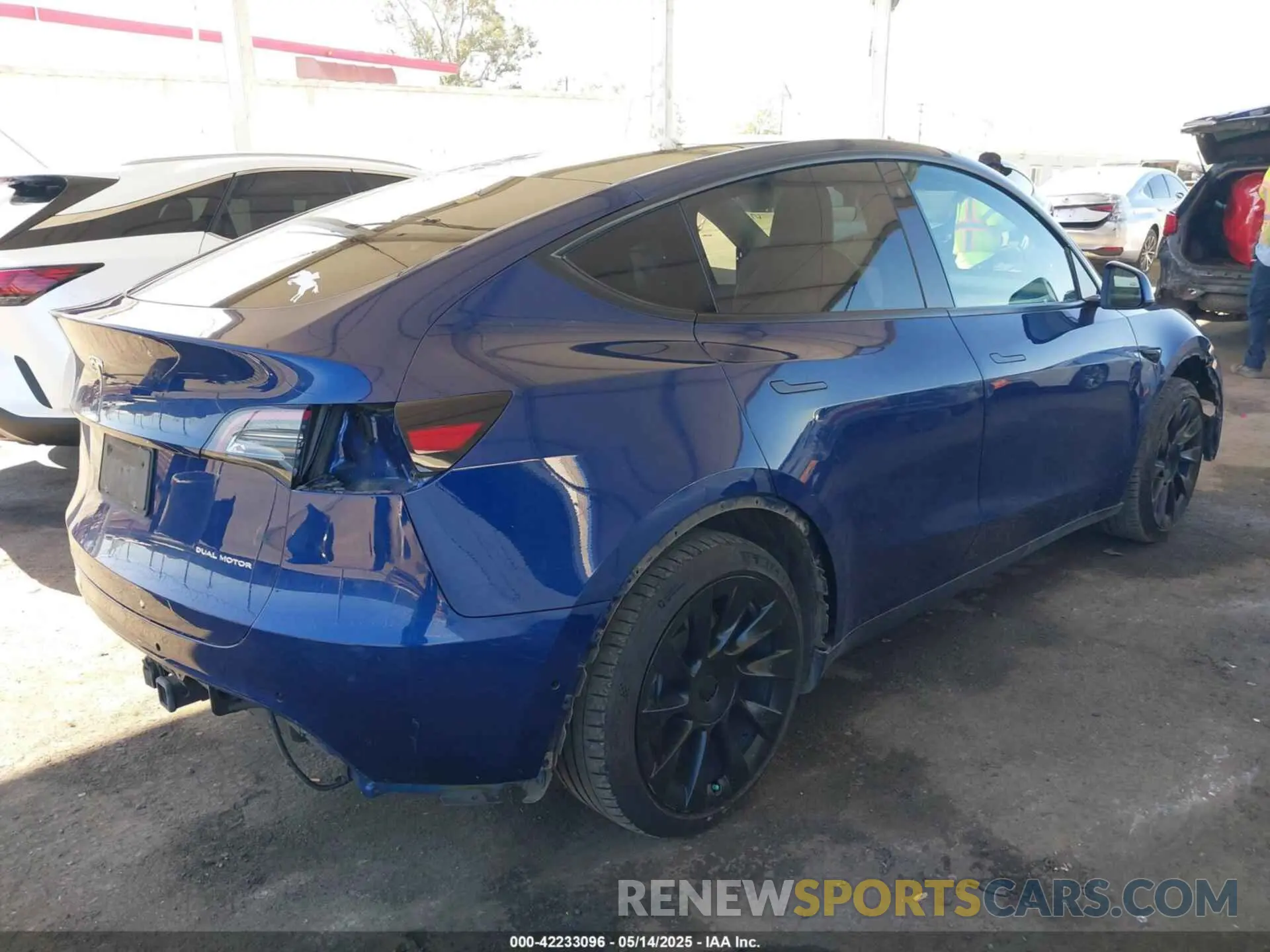 4 Photograph of a damaged car 5YJYGDEE1MF296454 TESLA MODEL Y 2021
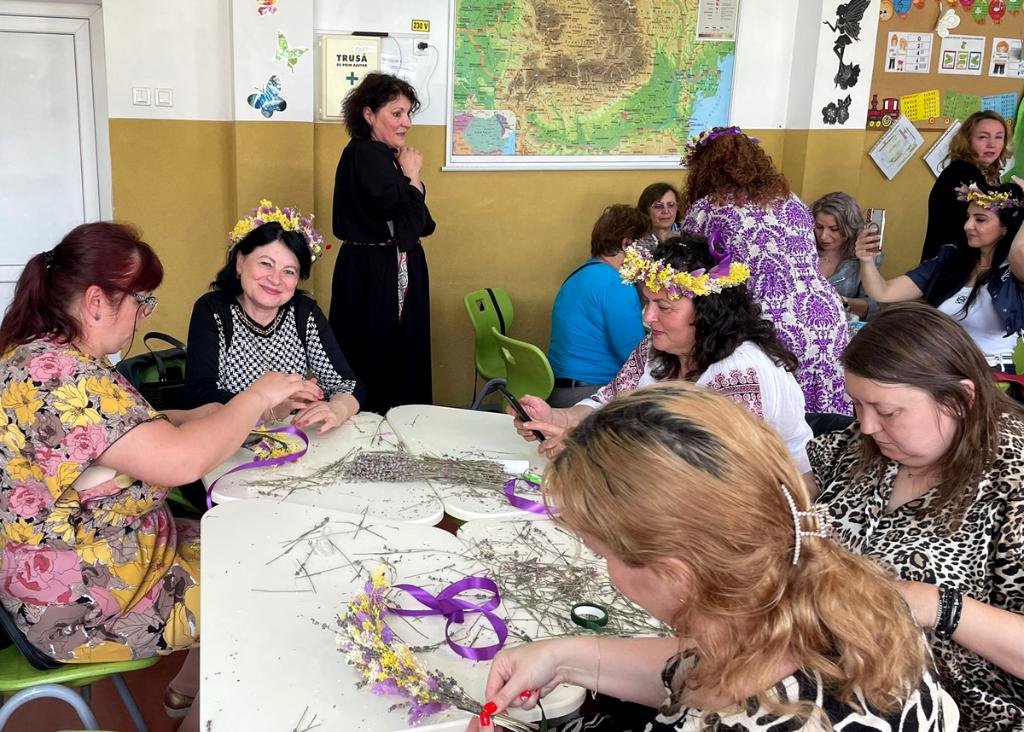 Oaspeți dragi la Școala Gimnazială Centrală din Câmpina, în cadrul parteneriatului profesional “Ateliere și experiență”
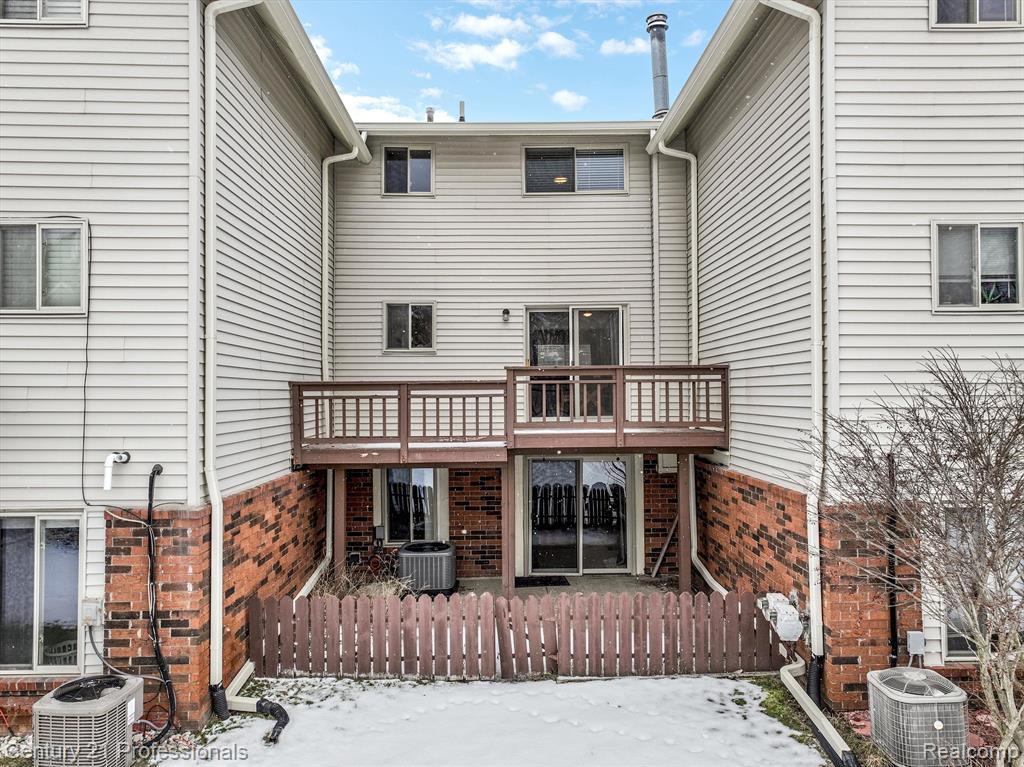 9077 BAVARIAN Court, Clarkston, MI 48348 — Photo 25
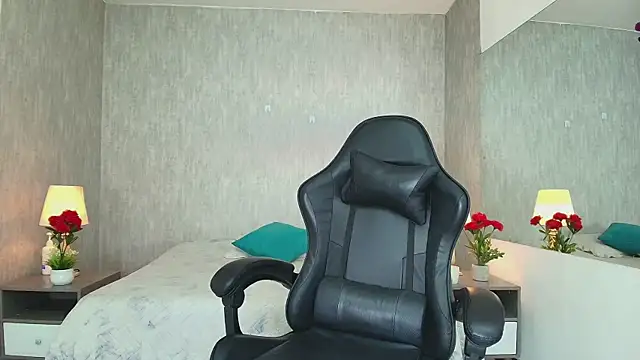 MeganDiamont FG online show from 04/14/26, 07:31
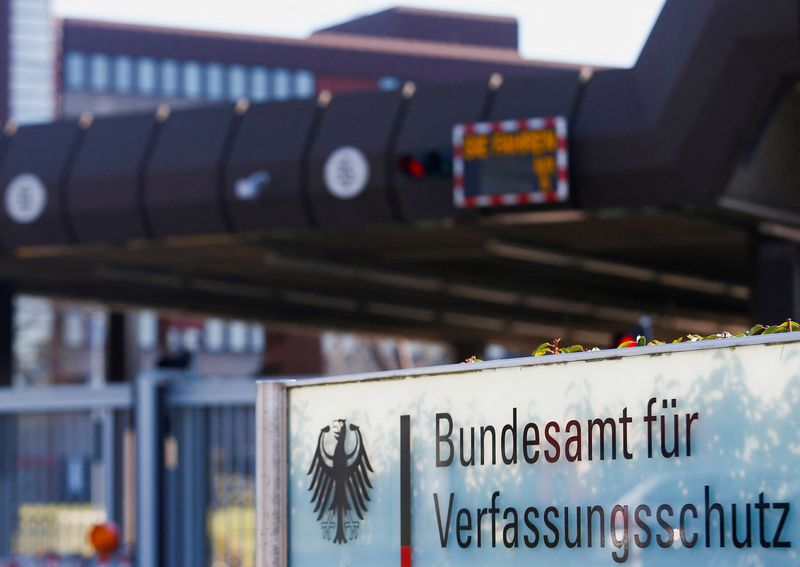 © Reuters. FILE PHOTO: A sign on the entrance of Germany's Federal Office for the Protection of the Constitution (Bundesamt fuer Verfassungsschutz) is pictured as a hearing is held on lawsuits against the surveillance of the far-right party Alternative for Germany (AfD) by Germany's Federal Office for the Protection of the Constitution in Cologne, Germany March 8, 2022. REUTERS/Thilo Schmuelgen/File Photo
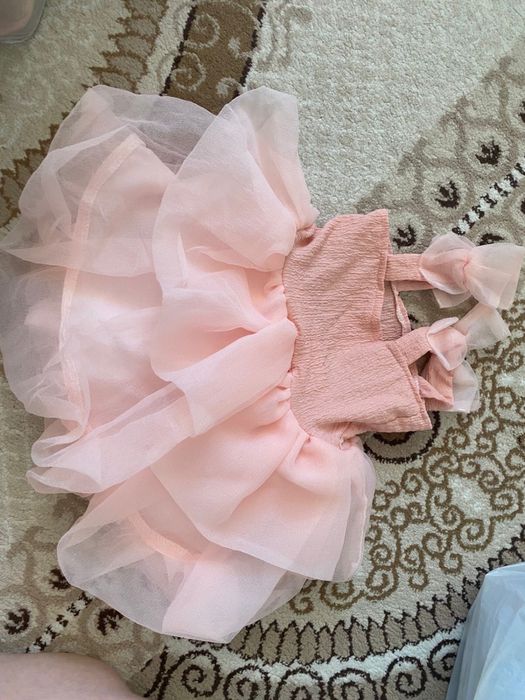 Продаю платья на девочку 1 год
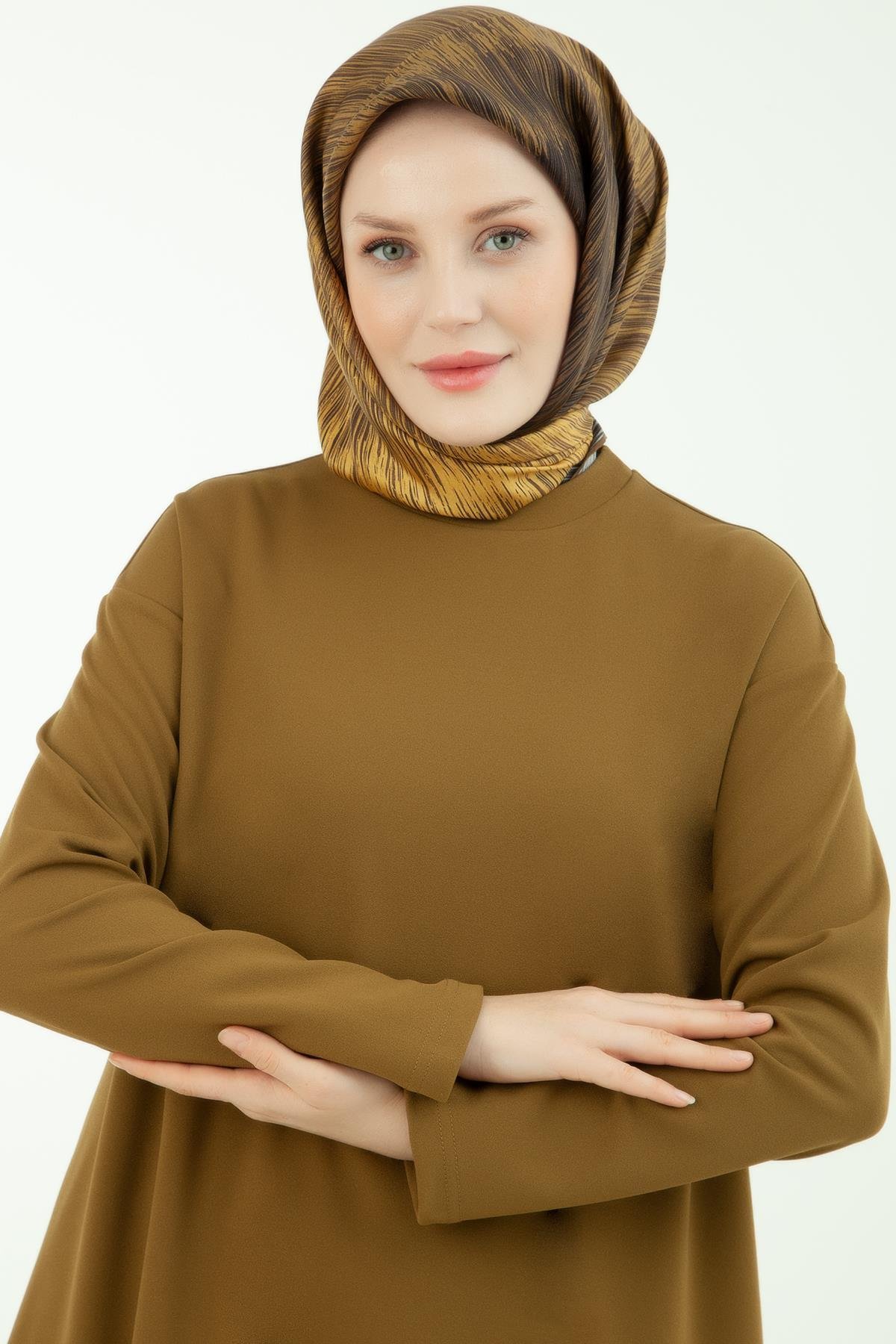 ARMİNE TREND Üçlü Takım Sendi Kumaş Pantolon Beli Lastikli Tunik İç Astarlı  Etek Ucu Piliseli-Y.Yeşil 23KT630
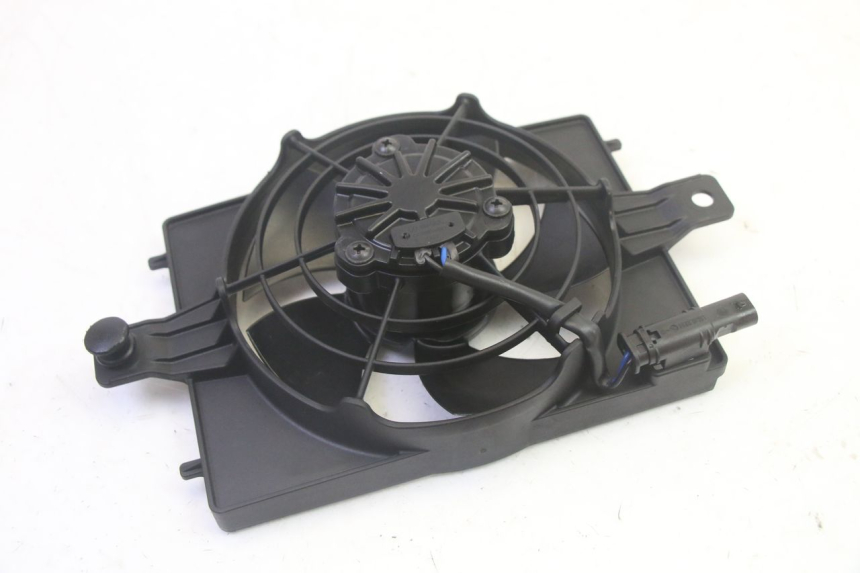 photo de VENTILATEUR BMW R GS 1250 (2021 - 2024) - Gros plan technique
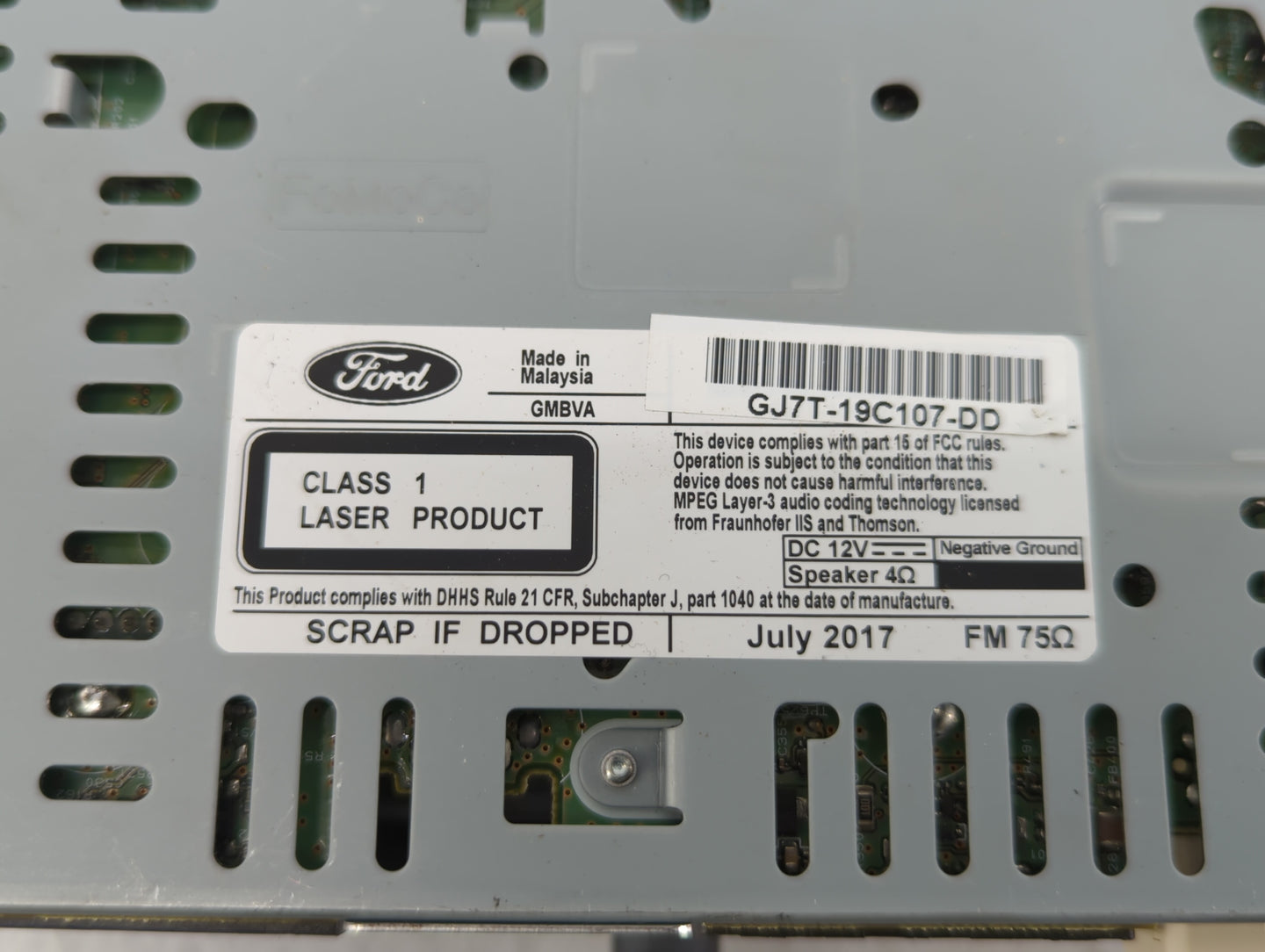 2017 Lincoln Mkc Radio AM FM Cd Player Receiver Replacement P/N:GJ7T-19C107-DD Fits OEM Used Auto Parts - Oemusedautoparts1.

ABOUT THIS TASK
Could each line of the data be written out exactly, with no pictures included?

RESPONSE FOR THIS EXERCISE
 4 Photograph of a damaged car 5YJYGDEE1MF296454 TESLA MODEL Y 2021
 Oaspeți dragi la Școala Gimnazială Centrală din Câmpina, în cadrul parteneriatului profesional “Ateliere și experiență”
 9077 BAVARIAN Court, Clarkston, MI 48348 — Photo 25
 MeganDiamont FG online show from 04/14/26, 07:31
 © Reuters. FILE PHOTO: A sign on the entrance of Germany's Federal Office for the Protection of the Constitution (Bundesamt fuer Verfassungsschutz) is pictured as a hearing is held on lawsuits against the surveillance of the far-right party Alternative for Germany (AfD) by Germany's Federal Office for the Protection of the Constitution in Cologne, Germany March 8, 2022. REUTERS/Thilo Schmuelgen/File Photo
 Продаю платья на девочку 1 год
 ARMİNE TREND Üçlü Takım Sendi Kumaş Pantolon Beli Lastikli Tunik İç Astarlı  Etek Ucu Piliseli-Y.Yeşil 23KT630
 photo de VENTILATEUR BMW R GS 1250 (2021 - 2024) - Gros plan technique
 2017 Lincoln Mkc Radio AM FM Cd Player Receiver Replacement P/N:GJ7T-19C107-DD Fits OEM Used Auto Parts - Oemusedautoparts1.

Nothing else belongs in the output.